Я тотчас же расстался с хозяйкой, взял под мышку коврик и подушку, и мы отправились вместе с господином в плаще. Фамилия этого человека была Данненберг…»[30]
Рассказ, переданный Панаевым, безусловно, достовернее версии Успенского, согласно которой Данненберг нанял комнату Некрасова и тут же «переехал» в нее, бросив в угол узелок, составлявший все его имущество. Некоторые мелкие и совершенно конкретные детали воспоминаний Панаева подтверждаются письмами. Данненберг в стесненных обстоятельствах, но еще не впал в нищету: три недели назад у него было семьдесят пять рублей, от которых осталось двадцать к моменту разговора; он жил на Васильевском острове — стало быть, действительно близко от Некрасова; средства позволяли ему снимать квартиру, а не угол. Достоверна, наконец, самая ситуация: уже в цитированном нами письме видно стремление Данненберга освободиться от своего одиночества.

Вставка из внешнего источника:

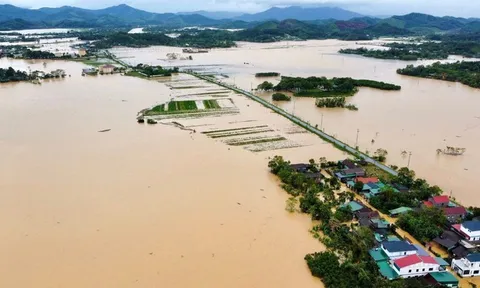 Chủ động ứng phó mưa lũ Trung Bộ: Rà soát, kiểm tra, kịp thời phát hiện khu vực có nguy cơ sạt lở, lũ quét, ngập sâu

Случайное знакомство с молодым литератором (род занятий Некрасова, конечно, стал ему понятен с первого взгляда) предоставляло для этого благоприятную возможность.
Следующее письмо Данненберга Второву — от 17 октября 1839 года[31] — содержит первое упоминание о Некрасове. Оно представляет особый интерес, и мы приведем его целиком.
17 октября.
Любезный дружище Николай Иванович!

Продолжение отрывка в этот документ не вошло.